Arrow and Parquet are Apache’s open source columnar format tools. Arrow is a framework for defining in-memory columnar data that every processing language can use. It aims to be the language-agnostic standard that helps facilitate interoperability for data with a columnar memory orientation. Columnar storage organizes data by column rather than row. This storage organization benefits time series data because this data type typically generates a larger number of rows than it does columns. Columnar organization allows Parquet to apply compression and encoding to each column independently, which significantly reduces storage requirements.

Data Collection

Collecting time series data is more complex than just sending data to a database. Identifying data sources — which can include sensor data, network events, or even a time series database at the edge sending data to the cloud — is only part of the process. Defining the processes and mechanisms involved with this process is also critical. These may include cleaning, aggregating, and formatting data to ensure quality and consistency before it reaches its final storage place.

For example, Telegraf is an open source data collection agent that facilitates data collection for multiple sources. Telegraf is plugin-based, with over 300 plugins, and it’s open source so any developer can write a custom plugin if one doesn’t already exist.

(Yurchanka Siarhei/Shutterstock)

Storage

A secure, scalable, purpose-built time series database is the best place to store time series data.
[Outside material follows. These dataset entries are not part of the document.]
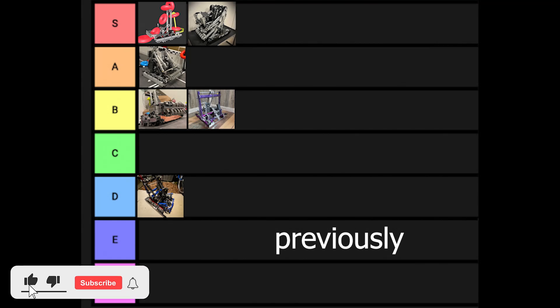Before the video begins, I'd like to give a shoutout to Jacob and Adam's mom from 229V. If you guys want to see more videos like this, please show your support by subscribing and I'll do my best to upload more quality VEX content.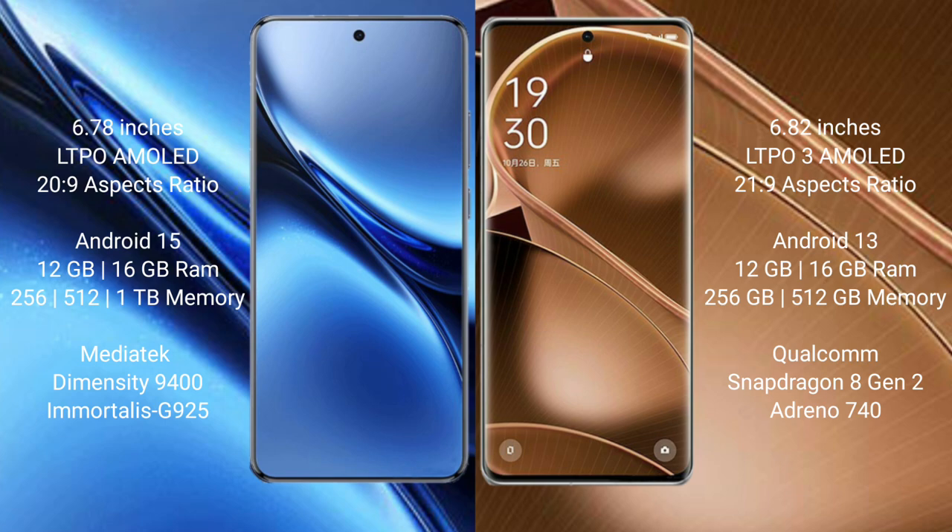Vivo X200 Pro runs on the Android 15 operating system. Oppo Find X6 Pro runs on the Android 13 operating system.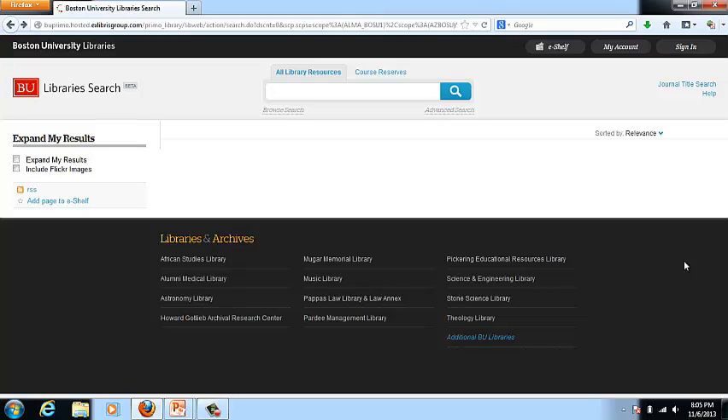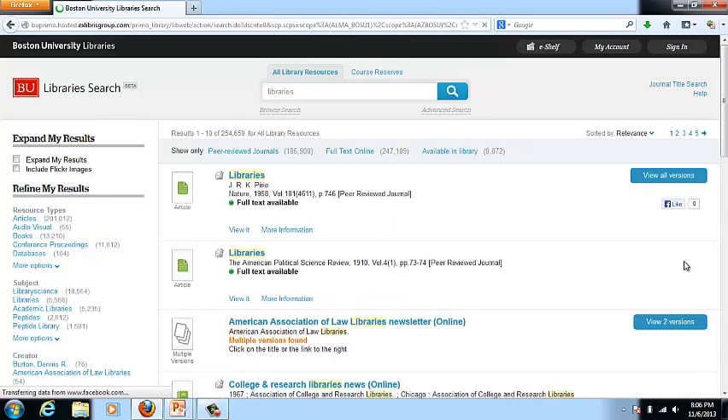Let's now look at a live version of Ex Libris. I was able to go to Boston University's website to see their discovery service in action. I'm going to try a simple search as I have done with the other discovery services, and you'll see the format is very similar to the other services.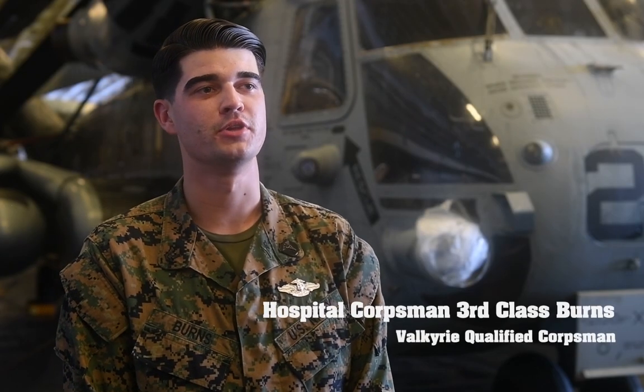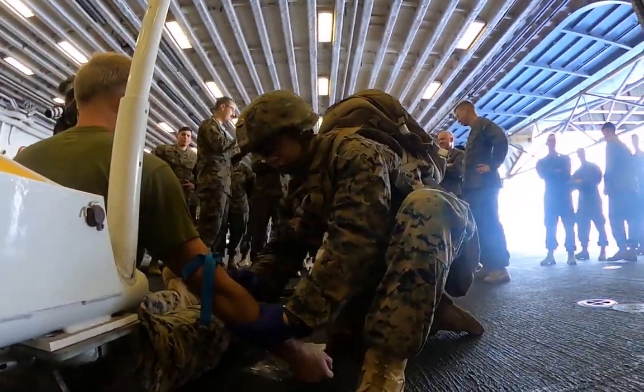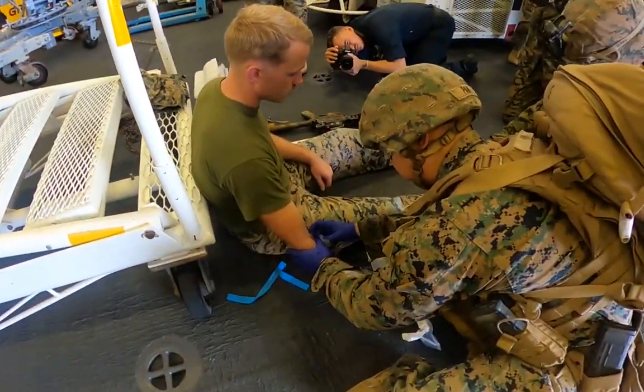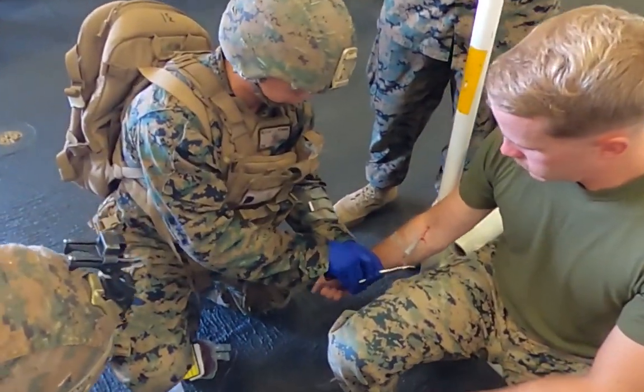What this fresh whole blood transfusion allows us to do on the battlefield is bring the mortality rate of a patient down significantly before they're able to be evacuated from the battlefield. This ultimately increases our lethality of the Navy and Marine Corps team.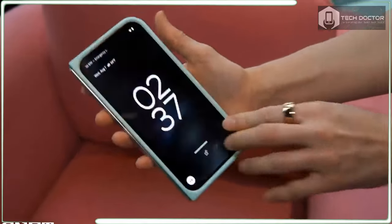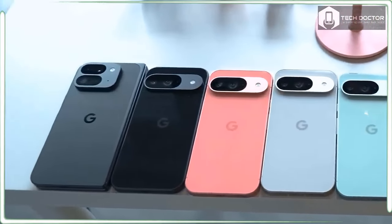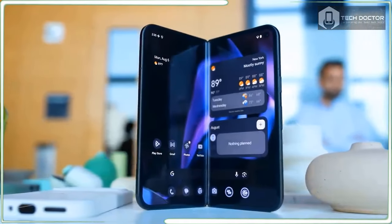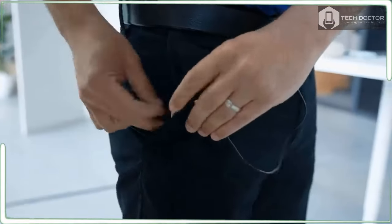At 0.2 inches thick open and 0.4 inches closed, this is one of the thinnest foldables on earth. Weighing a little bit more than 9 ounces, the Pixel 9 Pro Fold is refreshingly lighter.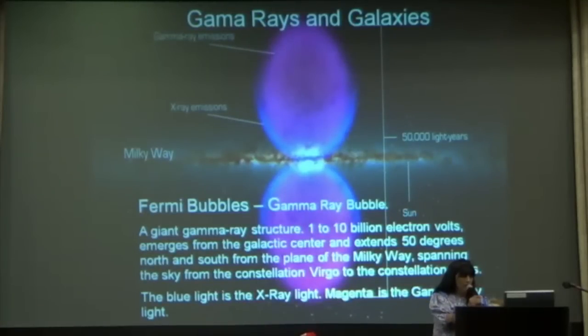In the center here, where the white light is, is this Milky Way galaxy. To the top of it is 25,000 years, and a total of 50,000 to the bottom is 25,000 years. You have the blue light that is around the purple — these are X-ray emissions — and the purple or magenta, these are gamma ray emissions. This particular X-ray and gamma ray are at the far end of the visible light spectrum.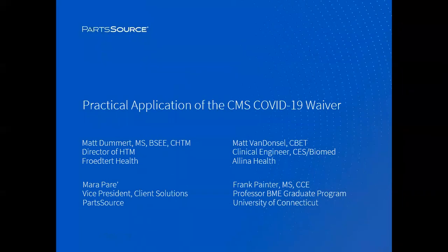Hello. I'd like to welcome everyone to the PartSource Executive Webinar Series. Today's presentation, Practical Application of the CMS COVID-19 Waiver, is being presented by Matt Dummert and Matt VanDansel and hosted by Mara Pare and Frank Painter.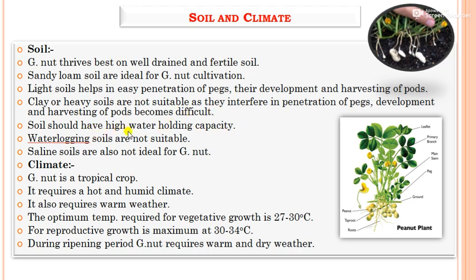Soils should have high water-holding capacity. As groundnut is a tropical crop, it requires hot and humid climate with warm weather. The optimum temperature for vegetative growth is 27 to 30 degrees Celsius and for reproductive growth is 30 to 34 degrees Celsius. During the ripening period, groundnut requires warm and dry weather.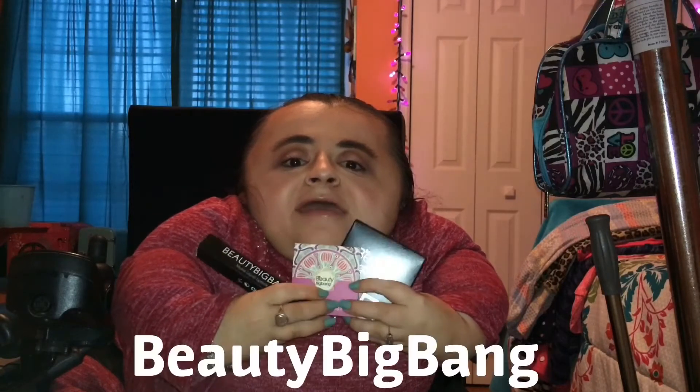Hello everyone, it's Hannah and welcome back to my channel — or hi, hello if you're new here. Today I'm going to be doing a review on some items from Beauty Big Bang. They were kind enough to send me some products to try, so I'm going to review them for you all, so let's just go ahead and get right into it.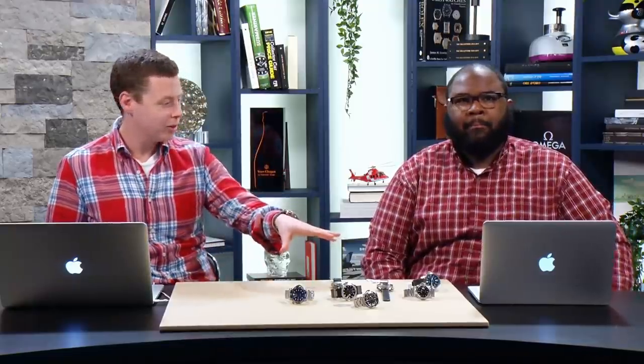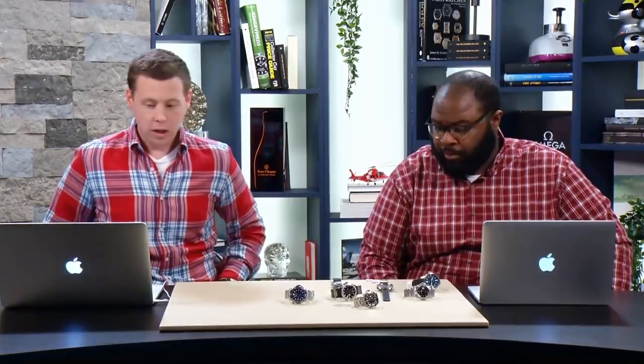Hi everyone, welcome back to the Watch Insider. My name is Brian, and thank you all for logging on. We've got a special guest this evening, CQ, who's been on other shows previously. Tim is away this weekend for some much-needed time off. Tonight we've got a great lineup of watches — all under the $6,000 price point, all pre-owned, and really cool watches that deserve some attention.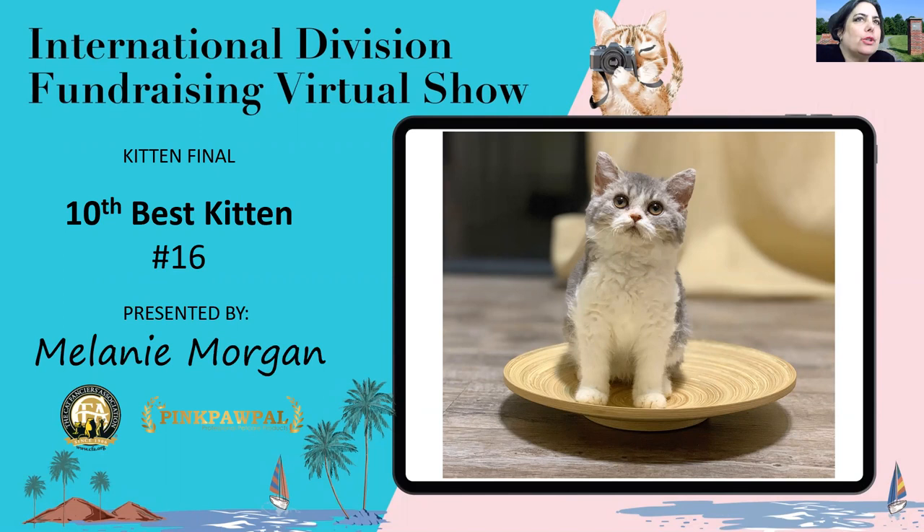Hello, all. Welcome to the International Division Fundraising Virtual Show and my kitten final. I miss everybody there, but I'm so glad to be able to share some of your gorgeous babies with you via virtual technology. Speaking of technology, clearly not a forte of mine, so bear with me while we take a look at my top ten kittens.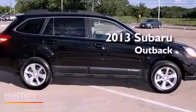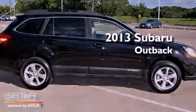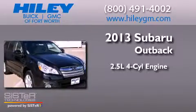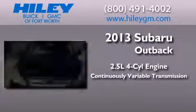This is a brand new 2013 Subaru Outback. It has a 2.5 liter 4-cylinder engine, a continuous variable transmission, and all-wheel drive.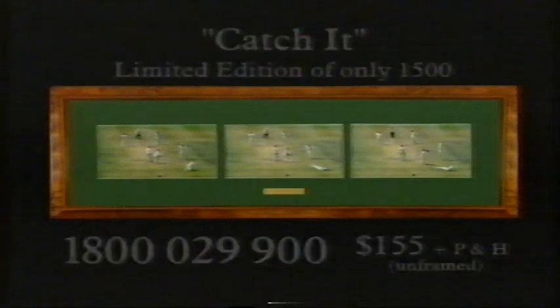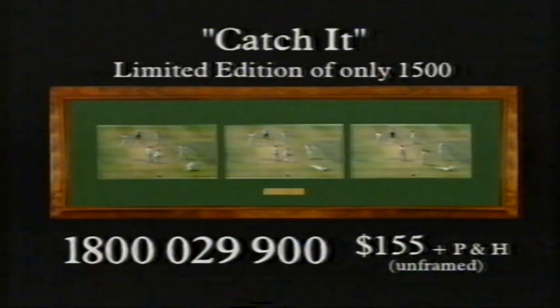Now that photograph is one of 1,500 — very much a limited edition. It's priced at $155 unframed, plus premium postage and handling. The phone number is 1-800-029-900. Delivery before Christmas is possible if the photograph is ordered today. Need to have your credit cards ready.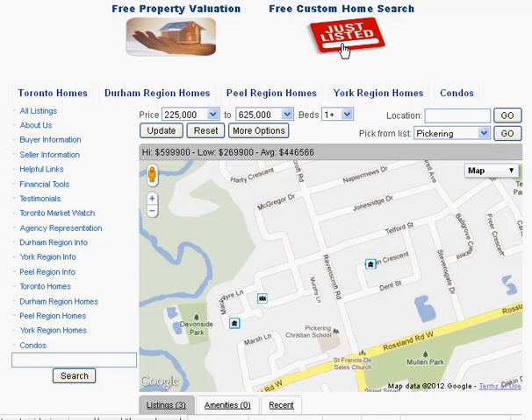If you are interested in knowing how much your home is worth, click on Free Property Valuation and you will be provided with a detailed valuation.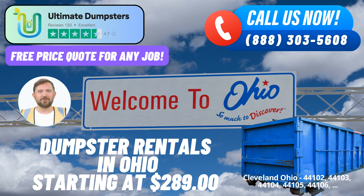One of the standout benefits of choosing Ultimate Dumpsters is the array of sizes we offer for our roll-off dumpsters. Our inventory includes versatile dumpster sizes ranging from the compact 10-yard option to the expansive 40-yard choice. The 10-yard dumpster is perfect for smaller projects like residential cleanouts or yard waste removal.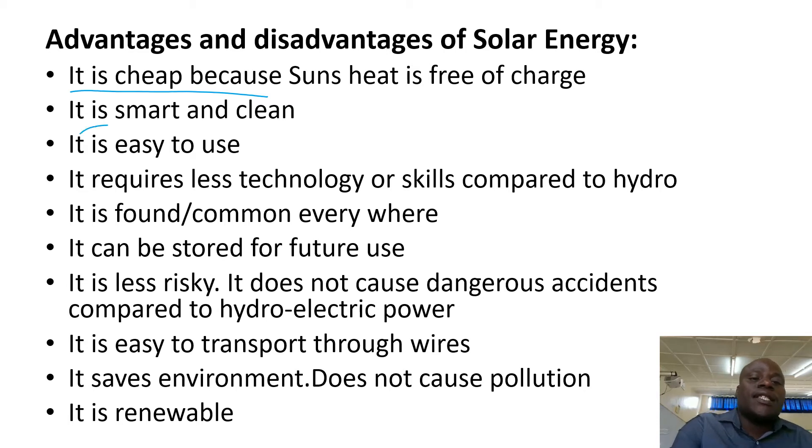Solar energy is clean. It's not like charcoal, it's not like firewood. Solar energy is easy to use — switch on, switch off. It requires less technology compared to hydroelectric power.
These kinds of platforms abstract away the complexity of building an open data ecosystemFor example, databases built on Apache’s open data system support large scale storage. Arrow and Parquet bring additional value because they integrate with other analytics, machine learning, and transformation tools. Time series databases with open data architecture are designed to optimize time-stamped data. This approach is tailored for time series data, reducing storage footprint and requirements while maintaining integretity.

Data Visualization

Data visualization helps users understand patterns, trends, and insights hidden within their data. Common visualization tools within the open data ecosystem include Grafana, Tableau, and Apache Superset. These open data tools often offer wide compatibility, allowing developers who monitor time series data to track and better understand their time series data in real time. Several companies leverage open time series data architecture to monitor, alert, and visualize their time series data. Companies also use time series databases as part of their architecture, but differ from one another with the remainder of their tech stacks.

The Bottom Line

Utilizing an open data system means benefiting from the freedom of interoperability and combining tools to create a custom solution for each unique use case. Data collection, storage, visualization, and data analytics serve as pieces of the puzzle making up the open data architecture.

About the author: Anais Dotis-Georgiou is a Developer Advocate for InfluxData with a passion for making data beautiful with the use of Data Analytics, AI, and Machine Learning. She takes the data that she collects, does a mix of research, exploration, and engineering to translate the data into something of function, value, and beauty. When she is not behind a screen, you can find her outside drawing, stretching, boarding, or chasing after a soccer ball.